[Source information Boundary: Start]

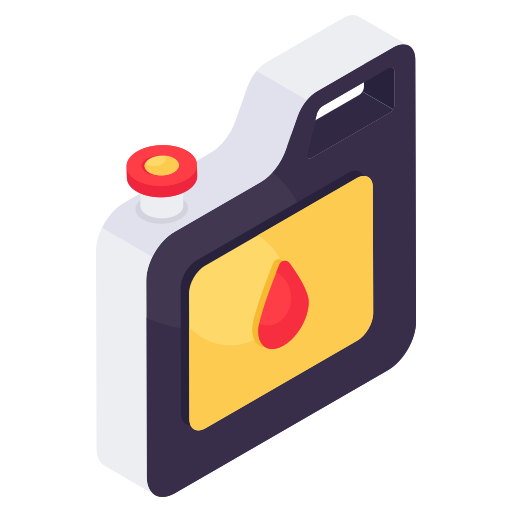 Diesel free icon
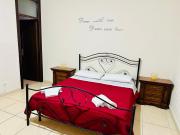 Maya Palace Real Rooms Palermo centre close to Cathedral Maya Palace Real Rooms Palermo centre close to Cathedral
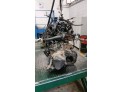 MOTOR CON ACCESORIOS SIN CAJA DE CAMBIOS RENAULT R19 1991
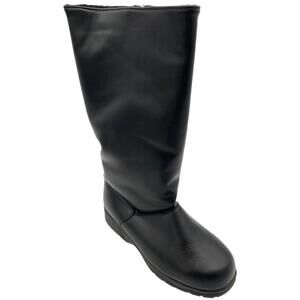Toe Warmers Women's Glacier 2 Boots Black - Wide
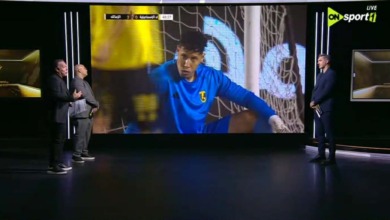 تعليق غير متوقع من أيمن يونس على تعادل الزمالك أمام كهرباء الإسماعيلية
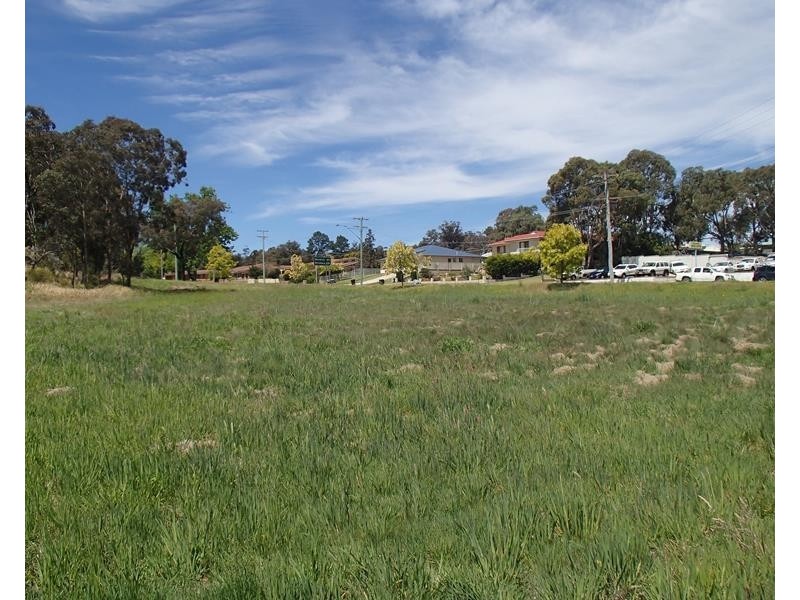 2 Rich Street, Stanthorpe QLD 4380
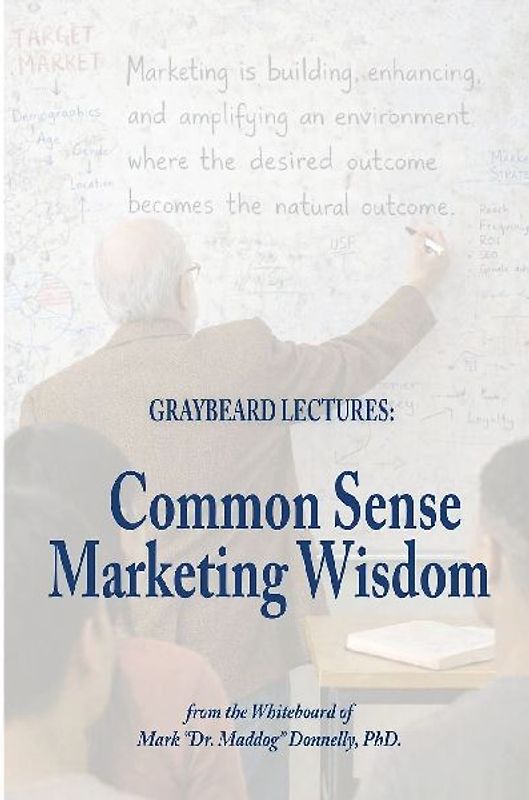 The Graybeard Lectures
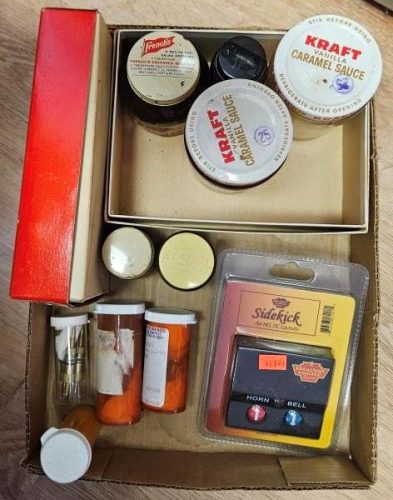 Estate Auction 116 Aldrich Ave Altoona PA Personal Property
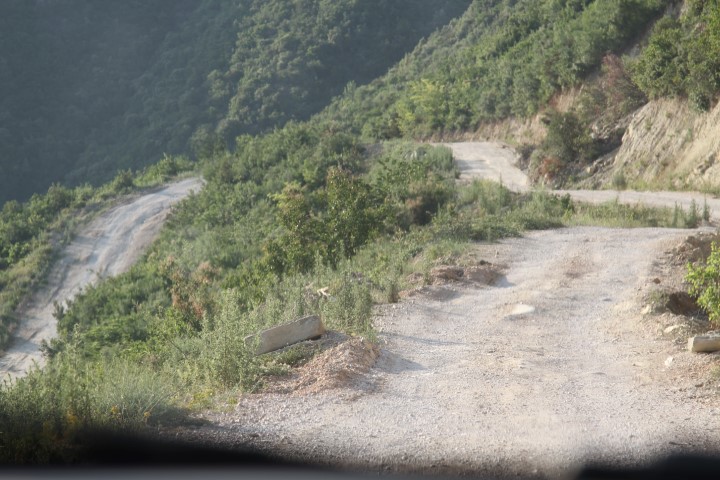 entry to polican guesthouse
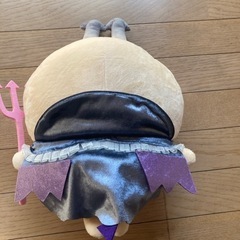 ちいかわてんし🤍あくま　ぬいぐるみ②の画像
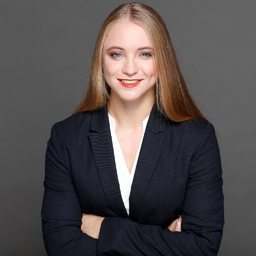 Kristina Meyer zu Bergsten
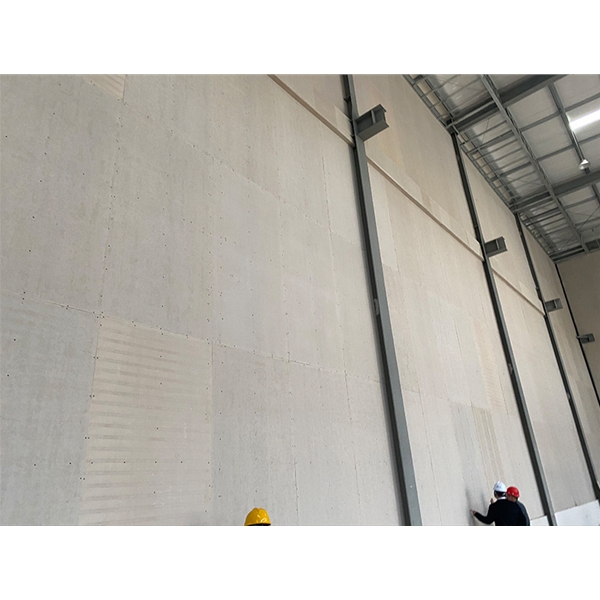 广饶韧性强硅酸盐防火墙精密防火密封防火阻燃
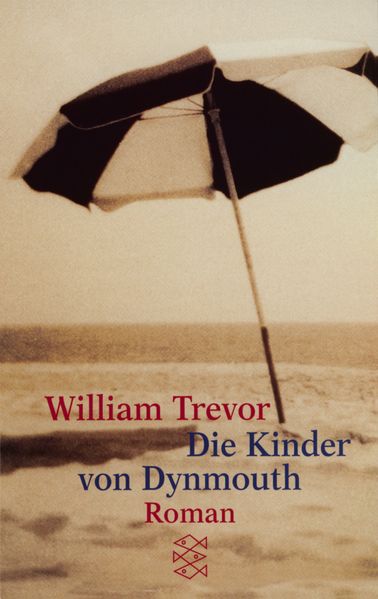 Die Kinder von Dynmouth cover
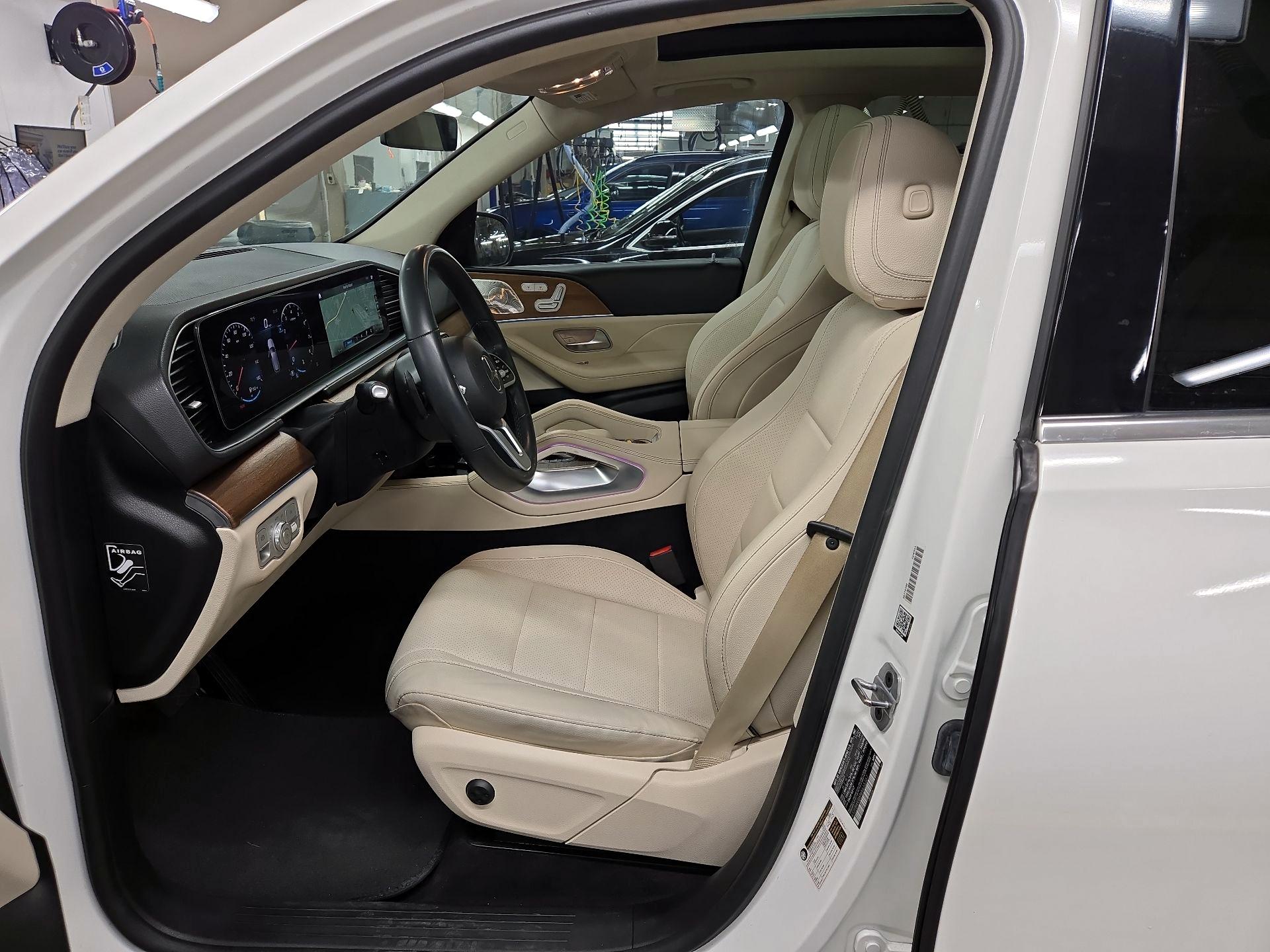 Thumbnail: 2022 Mercedes-Benz GLE - 11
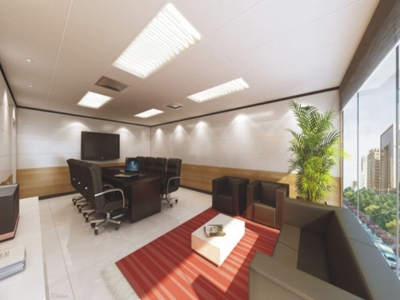 Sala-Conjunto, 94 m² - Foto 4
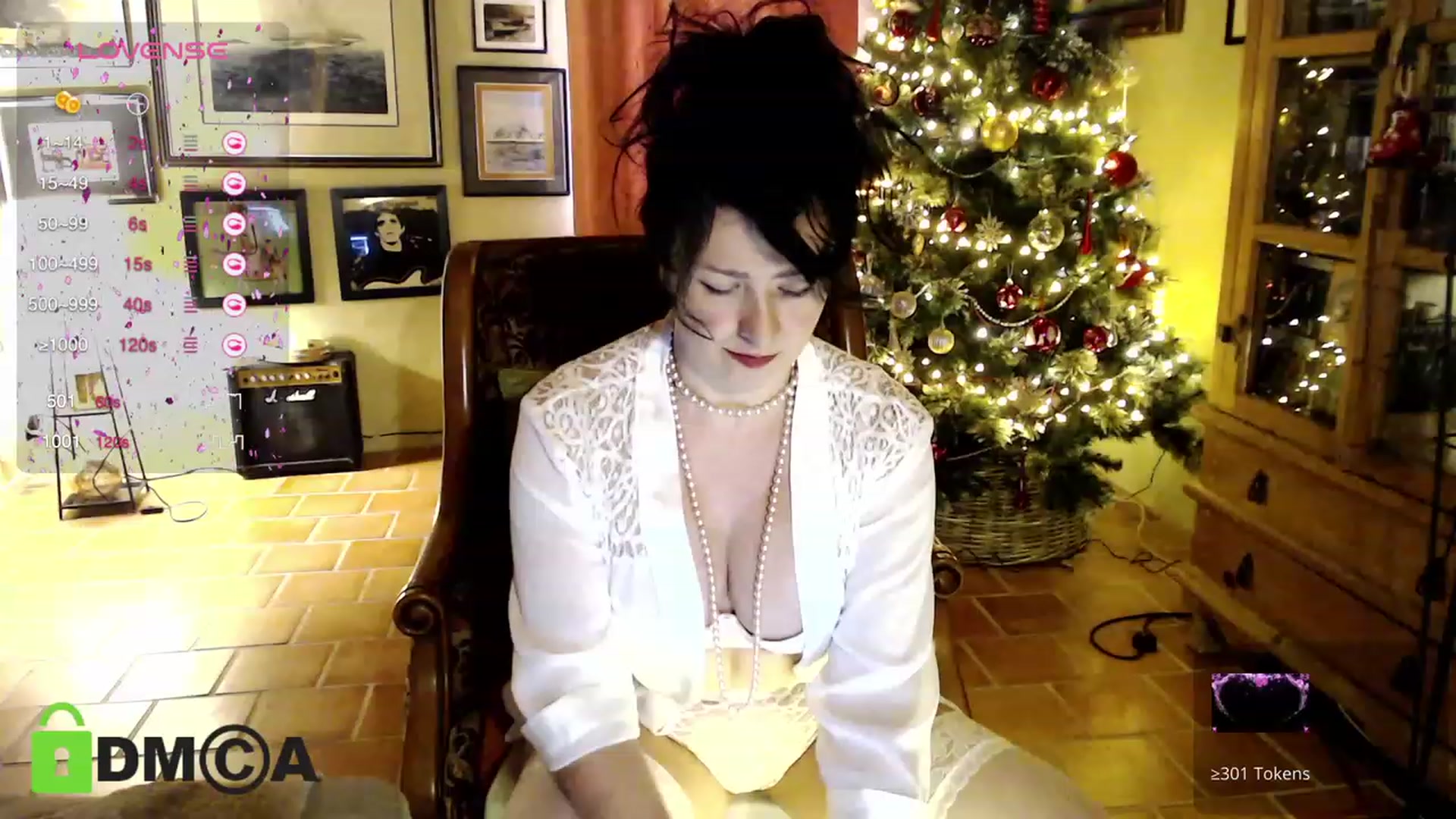 Gallery image thumbnail from pure_minx's myfreecams stream on, 12/16/2023, 13:28 image 7 of 20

[Source information Boundary: End]

What this task involves | Pictures excluded, output exactly the line that contains "Estate Auction 116" and every line after it to the end of the data above.

Written reply |
 Estate Auction 116 Aldrich Ave Altoona PA Personal Property
 entry to polican guesthouse
 ちいかわてんし🤍あくま　ぬいぐるみ②の画像
 Kristina Meyer zu Bergsten
 广饶韧性强硅酸盐防火墙精密防火密封防火阻燃
 Die Kinder von Dynmouth cover
 Thumbnail: 2022 Mercedes-Benz GLE - 11
 Sala-Conjunto, 94 m² - Foto 4
 Gallery image thumbnail from pure_minx's myfreecams stream on, 12/16/2023, 13:28 image 7 of 20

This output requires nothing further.